Bonebridge implantation combined with simultaneous bilateral auricle reconstruction for bilateral congenital aural atresia.
10.3760/cma.j.cn115330-20200425-00327
- VernacularTitle:骨桥植入与Nagata耳廓再造同期手术治疗双侧外中耳畸形外耳道骨性闭锁
- Author:
Dan Ni WANG
1
;
Bing Qing WANG
2
;
Yue WANG
2
;
Ran REN
1
;
Pei Wei CHEN
1
;
Jin Song YANG
1
;
Chun Li ZHAO
1
;
Qing Guo ZHANG
2
;
Shou Qin ZHAO
1
Author Information
1. Department of Otorhinolaryngology Head and Neck Surgery, Beijing Tongren Hospital, Capital Medical University, Beijing 100730, China Beijing Institute of Otolaryngology, Beijing 100005, China.
2. Department of Ear Reconstruction, Plastic Surgery Hospital, Chinese Academy of Medical Sciences and Peking Union Medical College, Beijing 100144, China.

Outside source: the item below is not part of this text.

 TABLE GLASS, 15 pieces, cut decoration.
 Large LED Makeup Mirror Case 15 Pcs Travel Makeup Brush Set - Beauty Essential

- Publication Type:Journal Article
- MeSH:
Bone Conduction;
Ear, External;
Hearing Aids;
Hearing Loss, Conductive;
Humans;
Retrospective Studies;
Treatment Outcome
- From:
Chinese Journal of Otorhinolaryngology Head and Neck Surgery
2021;56(4):340-345
- CountryChina
- Language:Chinese
-
Abstract:
Objective: To investigate the feasibility and safety of auricle reconstruction combined with Bonebridge implantation for bilateral aural atresia patients. Methods: A retrospective analysis was conducted for 36 cases(72 ears) who underwent Bonebridge implantation combined with bilateral auricle reconstruction from February 1, 2017 to January 15, 2020. All cases were bilateral congenital aural atresia and underwent Nagata auricle reconstruction for both sides simultaneously. Bonebridge implantations were performed during the second stage of auricle reconstruction. Results: All 36 patients healed well and had no surgical complications when discharged. The preoperative average bone conduction threshold of the patients was(8.5±5.8) dB HL and postoperative bone conduction threshold was (8.4±5.2) dB HL. There was no significant change after the implantation (P=0.724). The preoperative average air conduction threshold of was(64.9±7.4)dB HL and postoperative air conduction threshold was (24.0±5.3) dB HL, which had a significant change after the implantation (P<0.001). The hearing threshold with Bonebridge significantly decreased by 40.9 dB HL compared with the preoperative air conduction threshold(P<0.001). The speech recognition rate of monosyllable words, disyllabic words and short sentences in quiet environment increased by 62.5%, 63.5% and 72.2% respectively. The differences were statistically significant (P<0.001). The speech recognition rate of monosyllabic words, disyllabic words and short sentences in noise environment were significantly increased by 55.9%, 58.9% and 69.9% respectively (P<0.001). After a follow-up of 18.3 months in average, the hearing results were stable and the aesthetic outcomes were satisfied. One patient had implant rupture and healed after revision surgery. Conclusions: With an integrated surgical procedure, patients with bilateral congenital aural atresia can complete bilateral auricle reconstruction and hearing implantation within six months. This integrated surgical procedure is safe and efficient, with a stable hearing improvement and good appearance.